Ce qu'on appelle Tempête
De quoi rêvent-ils ?
Qu'est-ce que la nuit fait flotter dans les couloirs de Station Showa alors que la neige tombe doucement sur la terre immense de l'Antarctique ?
Hoshino sommeille en souriant, son esprit satisfait et heureux probablement en train de virevolter avec les flocons à l'extérieur, de surfer sur les aurores boréales, traversant la banquise poudrée d'argent sur les ailes d'une baleine enchantée. Il est là où il a toujours rêvé d'être, parmi des gens qu'il estime et qu'il aime. Tout est bien. Tout est beau. Tout est paisible. Il ne pense pas à ce qui pourrait aller de travers. Pourquoi y penser ? Chaque chose en son temps. C'est ce moment, maintenant, qu'il savoure.
Samejima ronfle, un bras et un pied hors de la couverture, la bouche ouverte et la moustache en jachère. De temps à autre il lâche un grognement de sanglier et les coins de ses lèvres se soulèvent dans un sourire bref. Il court au bord de l'eau, son bonnet presque sur les sourcils, et dans sa moufle orange il serre la main de son petit garçon. Les pingouins ne se sauvent pas et se donnent en spectacle, mignons et malicieux. Kenta rit et applaudit, et Samejima n'a jamais été aussi heureux.
Funaki est soigneusement bordé, ses vêtements du lendemain bien pliés sur son bureau, avec le képi qu'il n'a pas mis depuis qu'ils sont arrivés. Derrière ses cils qui frémissent à peine, il est encore sur le toit de la station, vérifiant un boulon ici, une tôle par là. Son poing droit est serré comme s'il tenait encore son marteau. La peau de ses paumes est devenue calleuse et il y a longtemps qu'il n'a pas fait de relaxation comme il en faisait chaque matin sur le navire. Ses nuits sont peuplées d'un bazar joyeux, d'une excitation gamine, de projets mal construits et enthousiastes. Il ne regrette pas sa vie bien rangée et disciplinée. Il se sent vivre, pour de vrai.
Arashiyama rêve de ses montagnes, de l'odeur des arbres et de la mousse. Il a encore le nez bouché et respire avec la bouche en O. Sur les sentiers auxquels il est habitué se glisse une rivière de neige bourrue, les sommets se coiffent de glace et d'un ciel bleu gigantesque qui n'a pas connu la guerre. Il imagine emmener ses clients à la plaque de cuivre du Mont Botnnuten, traverser la banquise en marchant avec son piolet. Il a l'impression que sa poitrine s'est élargie, comme si ses poumons voulaient contenir tout l'air pur du continent inviolé. Il est plus vieux et plus jeune à la fois.

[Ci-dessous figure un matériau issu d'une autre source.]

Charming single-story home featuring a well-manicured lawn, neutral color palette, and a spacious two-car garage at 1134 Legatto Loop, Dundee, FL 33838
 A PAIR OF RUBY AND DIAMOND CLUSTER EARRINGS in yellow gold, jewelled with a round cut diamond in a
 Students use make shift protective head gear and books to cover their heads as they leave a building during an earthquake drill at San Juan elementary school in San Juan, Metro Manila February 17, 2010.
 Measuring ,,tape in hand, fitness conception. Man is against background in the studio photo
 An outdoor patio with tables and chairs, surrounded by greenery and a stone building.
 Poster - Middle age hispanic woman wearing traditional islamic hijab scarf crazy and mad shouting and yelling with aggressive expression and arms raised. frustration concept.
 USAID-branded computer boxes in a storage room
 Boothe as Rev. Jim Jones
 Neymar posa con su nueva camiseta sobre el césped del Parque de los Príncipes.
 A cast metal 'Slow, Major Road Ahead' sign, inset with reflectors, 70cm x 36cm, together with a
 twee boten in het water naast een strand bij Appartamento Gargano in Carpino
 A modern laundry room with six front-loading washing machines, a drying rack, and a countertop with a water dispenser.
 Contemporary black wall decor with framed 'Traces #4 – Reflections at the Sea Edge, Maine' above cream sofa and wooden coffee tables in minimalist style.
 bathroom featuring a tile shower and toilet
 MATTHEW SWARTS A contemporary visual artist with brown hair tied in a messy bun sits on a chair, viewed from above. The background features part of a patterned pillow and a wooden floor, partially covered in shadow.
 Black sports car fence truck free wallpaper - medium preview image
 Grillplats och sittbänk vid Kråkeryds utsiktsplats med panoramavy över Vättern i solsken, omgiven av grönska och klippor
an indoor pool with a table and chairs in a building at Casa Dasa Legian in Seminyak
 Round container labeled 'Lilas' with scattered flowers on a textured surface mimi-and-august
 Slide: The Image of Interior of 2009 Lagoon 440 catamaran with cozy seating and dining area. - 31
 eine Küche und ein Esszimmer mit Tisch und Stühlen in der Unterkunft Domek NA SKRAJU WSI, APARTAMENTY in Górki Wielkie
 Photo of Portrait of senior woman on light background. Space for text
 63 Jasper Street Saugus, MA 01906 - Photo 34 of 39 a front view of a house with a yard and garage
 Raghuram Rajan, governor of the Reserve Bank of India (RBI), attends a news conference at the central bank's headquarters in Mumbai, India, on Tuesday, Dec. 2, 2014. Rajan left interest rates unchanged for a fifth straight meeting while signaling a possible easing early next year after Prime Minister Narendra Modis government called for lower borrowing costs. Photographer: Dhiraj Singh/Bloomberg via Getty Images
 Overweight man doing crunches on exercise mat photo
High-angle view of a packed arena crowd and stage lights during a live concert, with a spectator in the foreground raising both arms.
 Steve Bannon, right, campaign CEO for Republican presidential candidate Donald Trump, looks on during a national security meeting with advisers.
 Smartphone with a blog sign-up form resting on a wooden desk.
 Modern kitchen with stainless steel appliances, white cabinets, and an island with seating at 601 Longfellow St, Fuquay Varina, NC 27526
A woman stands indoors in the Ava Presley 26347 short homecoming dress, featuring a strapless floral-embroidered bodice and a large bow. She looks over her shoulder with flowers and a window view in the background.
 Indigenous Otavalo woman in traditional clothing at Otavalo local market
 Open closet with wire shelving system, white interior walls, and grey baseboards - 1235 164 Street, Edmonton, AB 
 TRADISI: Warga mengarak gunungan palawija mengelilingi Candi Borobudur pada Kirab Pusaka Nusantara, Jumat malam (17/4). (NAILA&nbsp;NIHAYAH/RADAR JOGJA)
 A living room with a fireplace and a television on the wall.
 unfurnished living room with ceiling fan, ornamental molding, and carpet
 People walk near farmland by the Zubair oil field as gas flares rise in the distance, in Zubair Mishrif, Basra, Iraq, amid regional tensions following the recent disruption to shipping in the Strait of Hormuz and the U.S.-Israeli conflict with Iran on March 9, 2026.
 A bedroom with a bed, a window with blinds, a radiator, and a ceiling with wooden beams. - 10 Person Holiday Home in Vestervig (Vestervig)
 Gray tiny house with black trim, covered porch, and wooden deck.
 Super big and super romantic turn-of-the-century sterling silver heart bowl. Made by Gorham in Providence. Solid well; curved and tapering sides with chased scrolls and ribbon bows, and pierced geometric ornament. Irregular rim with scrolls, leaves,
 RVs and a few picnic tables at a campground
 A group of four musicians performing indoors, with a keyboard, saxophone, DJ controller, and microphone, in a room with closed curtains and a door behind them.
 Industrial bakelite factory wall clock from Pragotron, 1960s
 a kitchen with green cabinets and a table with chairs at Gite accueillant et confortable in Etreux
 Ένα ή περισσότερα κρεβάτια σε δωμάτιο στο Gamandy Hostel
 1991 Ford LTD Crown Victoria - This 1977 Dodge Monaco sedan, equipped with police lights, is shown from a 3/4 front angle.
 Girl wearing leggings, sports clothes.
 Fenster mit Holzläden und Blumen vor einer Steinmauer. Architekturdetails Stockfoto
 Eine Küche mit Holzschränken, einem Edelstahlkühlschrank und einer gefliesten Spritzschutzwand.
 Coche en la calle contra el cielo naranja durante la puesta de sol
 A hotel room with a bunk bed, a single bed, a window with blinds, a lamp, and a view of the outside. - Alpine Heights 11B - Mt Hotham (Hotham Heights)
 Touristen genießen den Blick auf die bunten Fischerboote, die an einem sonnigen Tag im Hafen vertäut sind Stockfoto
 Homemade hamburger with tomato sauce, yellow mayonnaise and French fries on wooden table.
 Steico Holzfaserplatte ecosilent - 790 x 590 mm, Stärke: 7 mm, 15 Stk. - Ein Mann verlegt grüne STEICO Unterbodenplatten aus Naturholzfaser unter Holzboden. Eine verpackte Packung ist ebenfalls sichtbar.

Yamazato tressaille et bredouille sur sa couchette trop étroite. Il se tourne d'un côté, puis de l'autre. Son cerveau hésite entre ramen et chou, combine navet et pois en conserve, réfléchit à la viande et à la sauce qu'il faudra inventer. Il hume des odeurs de curry et de sueur, se défend contre les brusqueries de Samejima et continue de répéter merci, tout au fond de son coeur doux comme le beurre qu'il ne peut mettre au fond des plats. Il ne regrette rien. Ses rêves ont la couleur rouge de l'enseigne de son ancien boulot et la chaleur de la maison. Il est ici chez lui.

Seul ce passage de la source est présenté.